### INSTRUCTIONS TO FOLLOW
Give again only what runs from the line with "Snapshot of Aethon_noir" to the final line of the entries below, exactly as written and without pictures.

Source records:
::::::::

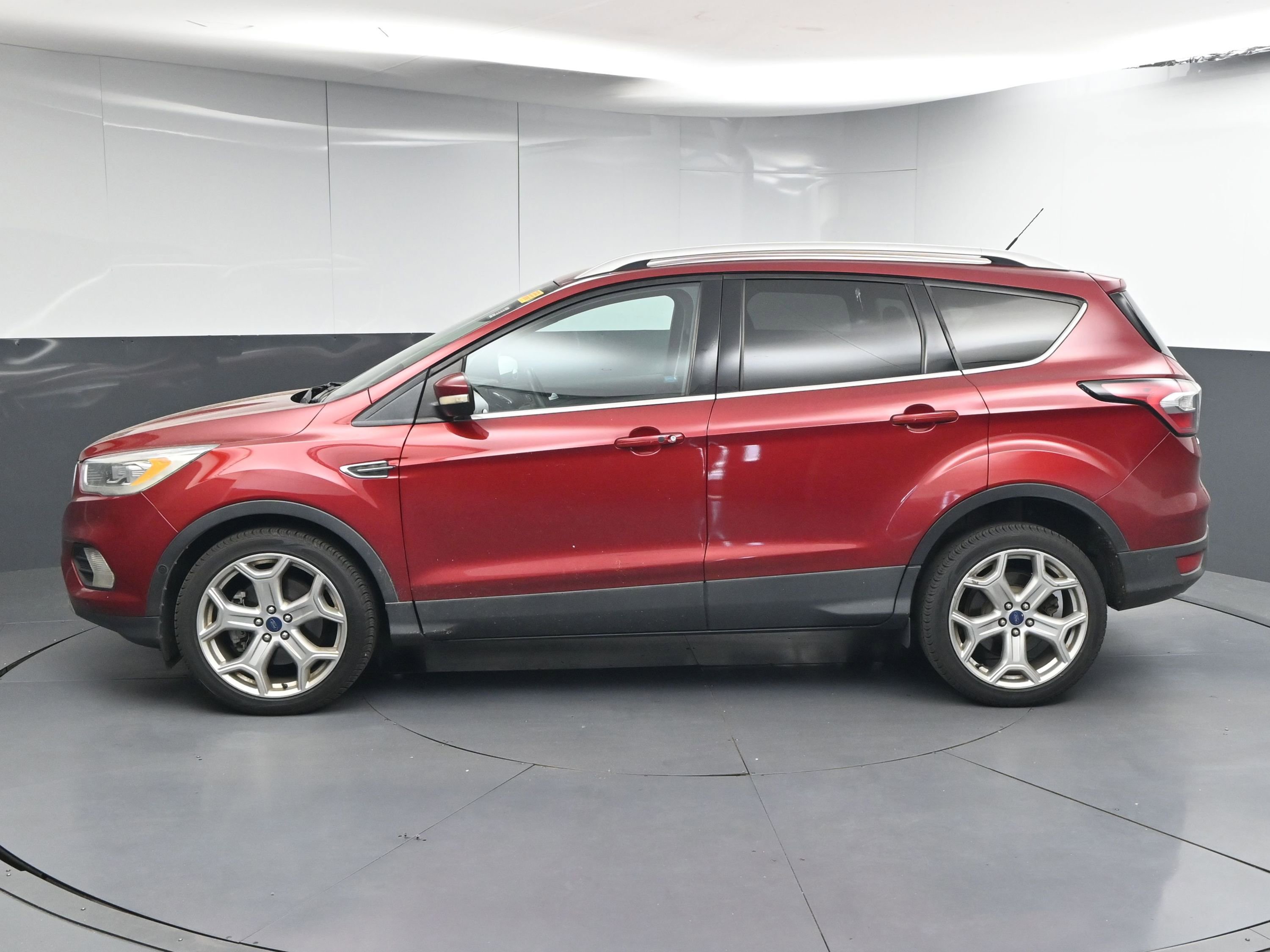 Used 2017 Ford Escape Titanium w/ Equipment Group 301A image 5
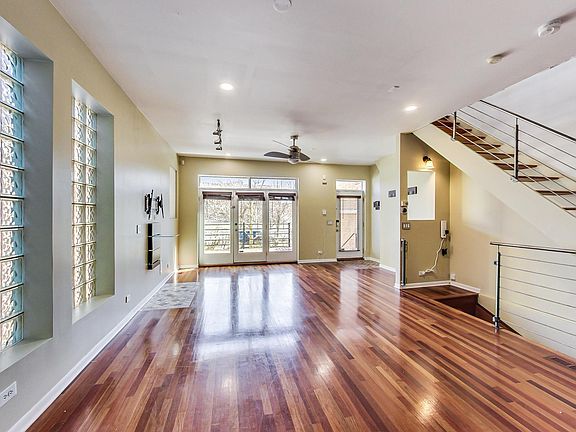 5th image of 908 N Paulina St #1F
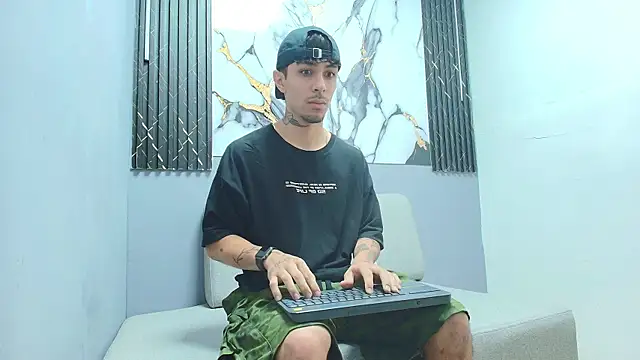 Snapshot of Aethon_noir chatting on November 17, 12:44 pm Aethon noir online show from November 17, 12:44 pm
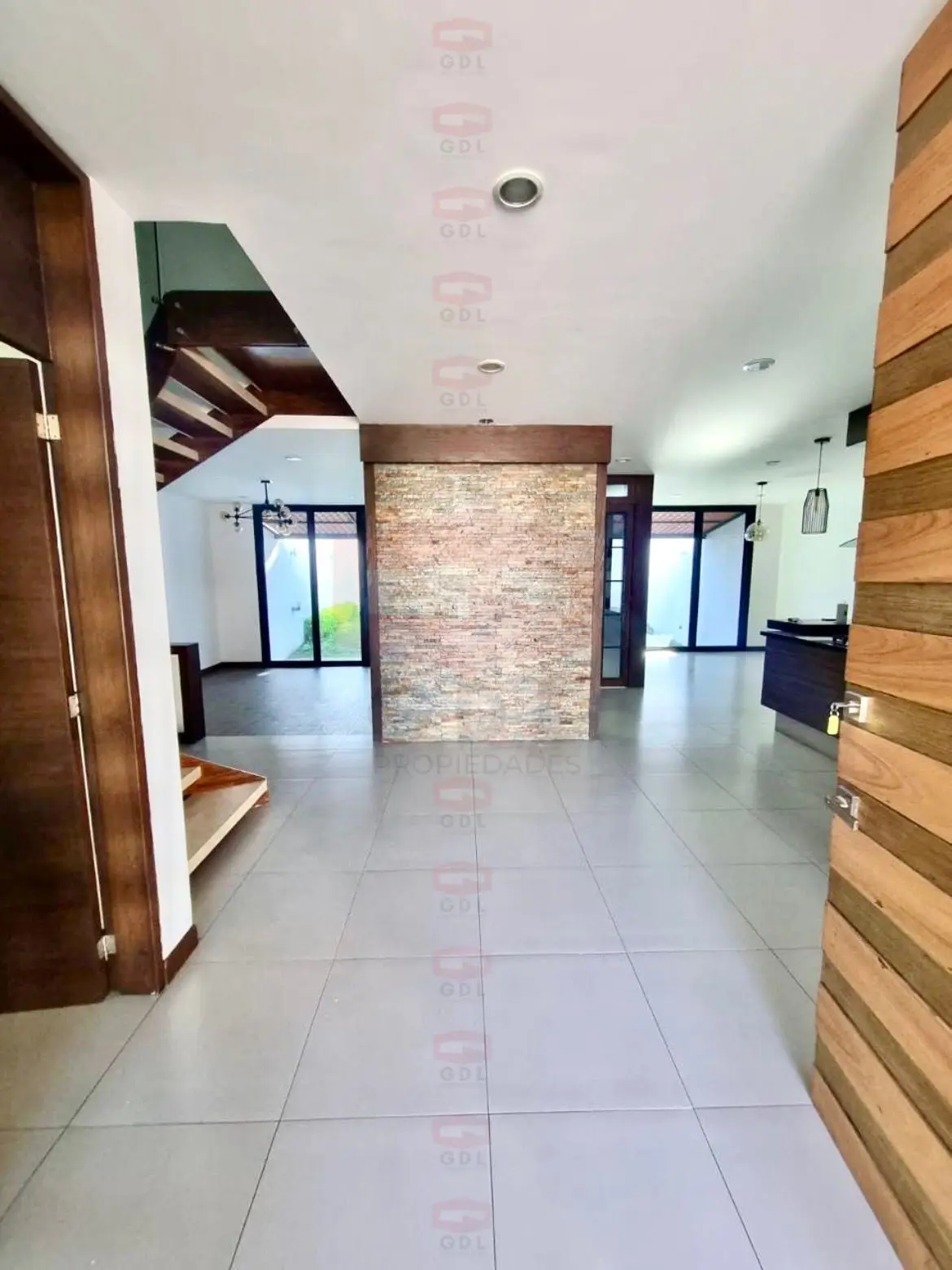 Bugambilias Casa Amplia en Coto — foto 3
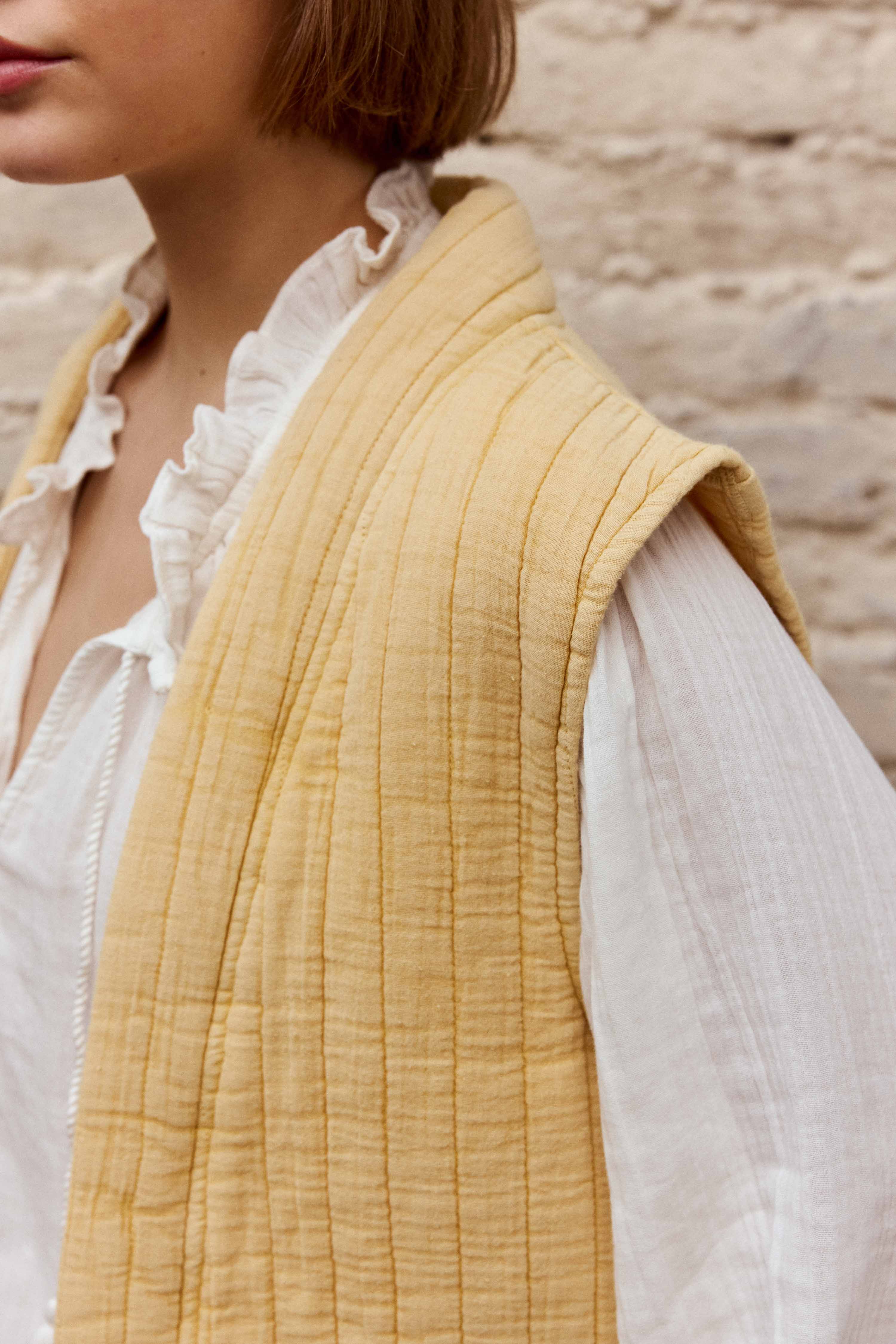 Gilets Gilet - VIVIE - 60-jaune femme jaune La Petite Etoile Gilets Gilet - VIVIE - 60-jaune femme jaune Jaune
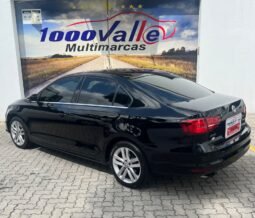 Volkswagen Jetta Highline TSI 2017 completo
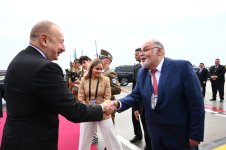 President Ilham Aliyev concludes working visit to Hungary (PHOTO)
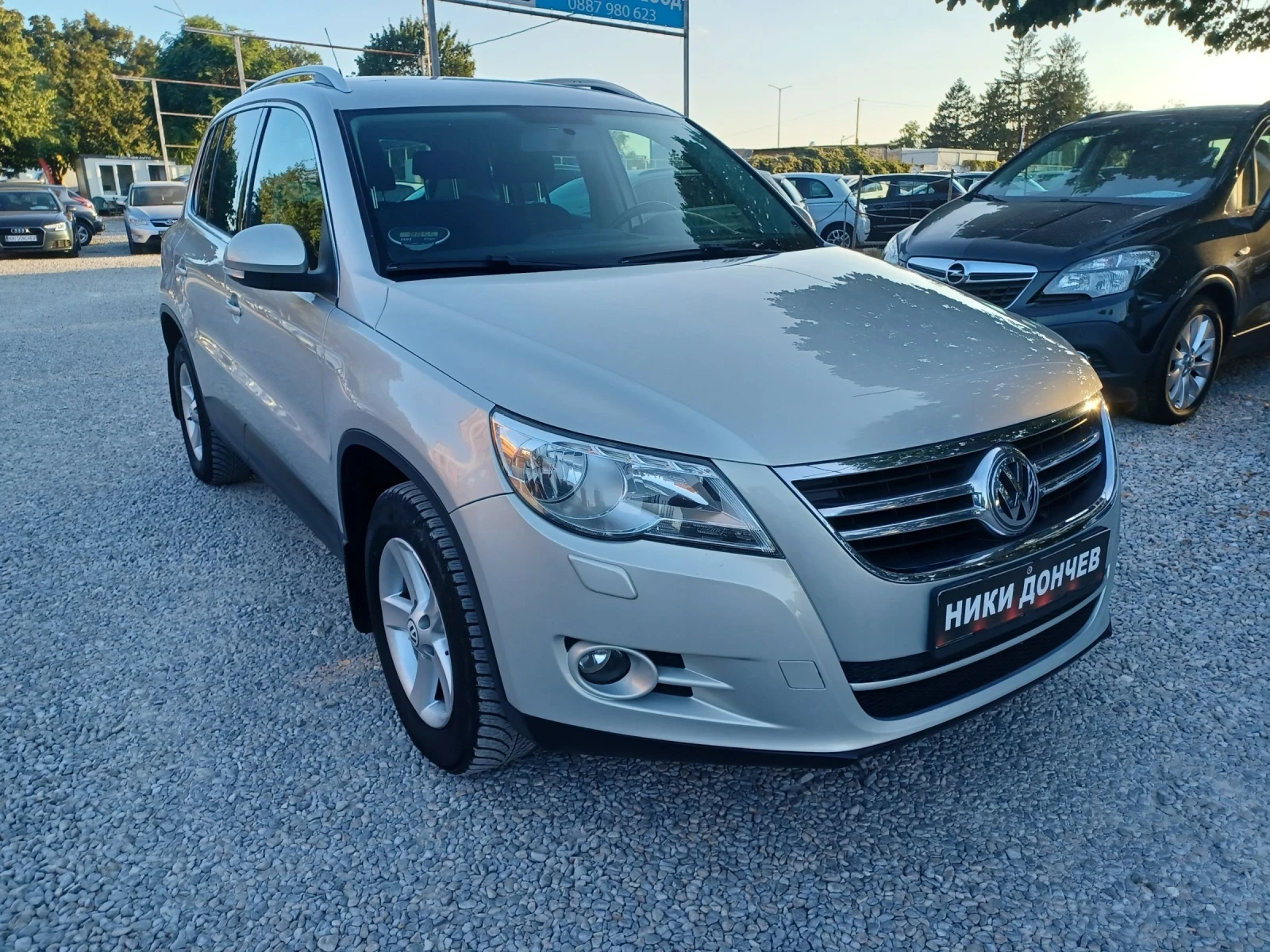 VW Tiguan 2.0-140 4X4! DSG!NAVI!PODGREV-SEDALKI!TEMPOMAT, снимка 3 - Автомобили и джипове - 53944581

::::::::

### REPLY
 Snapshot of Aethon_noir chatting on November 17, 12:44 pm Aethon noir online show from November 17, 12:44 pm
 Bugambilias Casa Amplia en Coto — foto 3
 Gilets Gilet - VIVIE - 60-jaune femme jaune La Petite Etoile Gilets Gilet - VIVIE - 60-jaune femme jaune Jaune
 Volkswagen Jetta Highline TSI 2017 completo
 President Ilham Aliyev concludes working visit to Hungary (PHOTO)
 VW Tiguan 2.0-140 4X4! DSG!NAVI!PODGREV-SEDALKI!TEMPOMAT, снимка 3 - Автомобили и джипове - 53944581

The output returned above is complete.